**PROVIDED DATA**
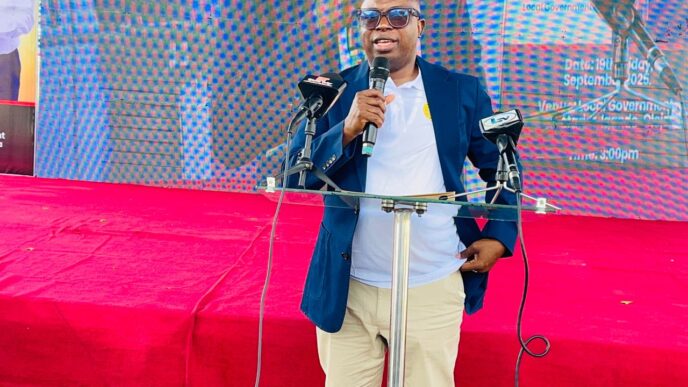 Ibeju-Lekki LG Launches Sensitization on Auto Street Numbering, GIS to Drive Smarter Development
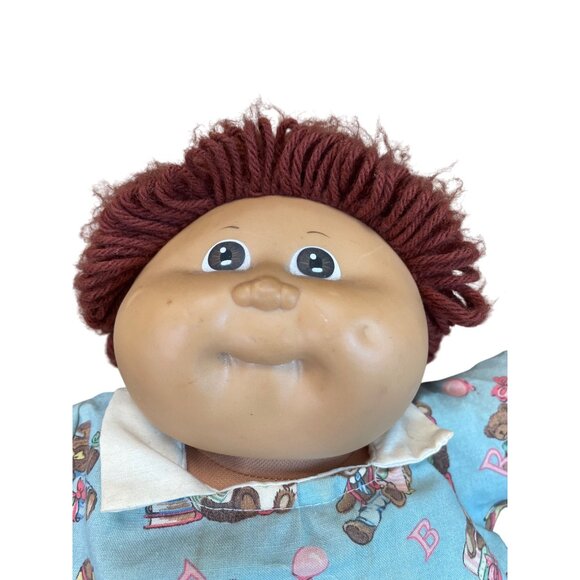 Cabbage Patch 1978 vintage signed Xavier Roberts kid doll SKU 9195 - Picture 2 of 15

---

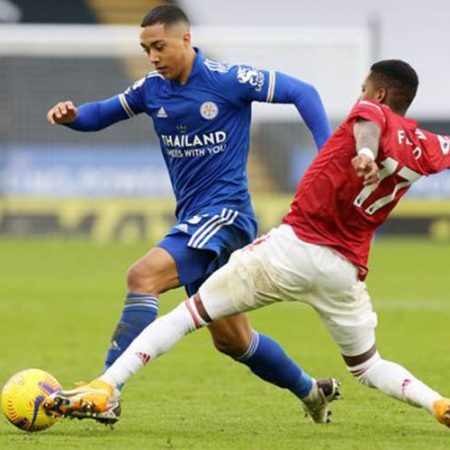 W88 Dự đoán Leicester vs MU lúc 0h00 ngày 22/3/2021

---

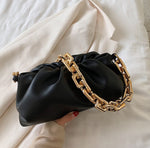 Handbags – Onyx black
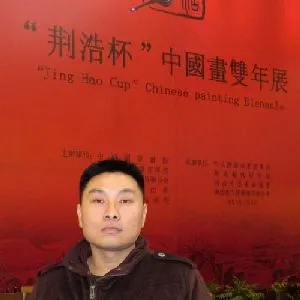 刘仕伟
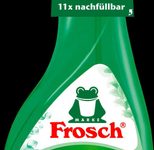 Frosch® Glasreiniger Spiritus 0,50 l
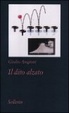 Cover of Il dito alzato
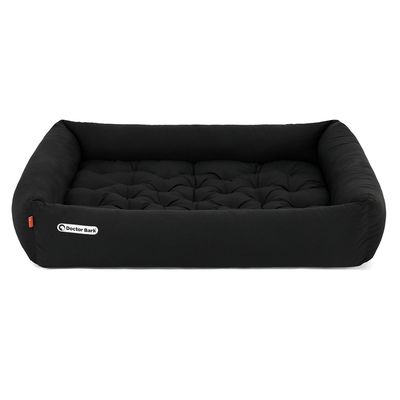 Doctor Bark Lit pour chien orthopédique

**WORK TO BE COMPLETED**
Print, exactly and with no pictures, the lines of the listing above starting at the one that has "Ibeju-Lekki LG Launches" and ending at the one that has "Cabbage Patch 1978", both included.

**ANSWER AREA**
 Ibeju-Lekki LG Launches Sensitization on Auto Street Numbering, GIS to Drive Smarter Development
 Cabbage Patch 1978 vintage signed Xavier Roberts kid doll SKU 9195 - Picture 2 of 15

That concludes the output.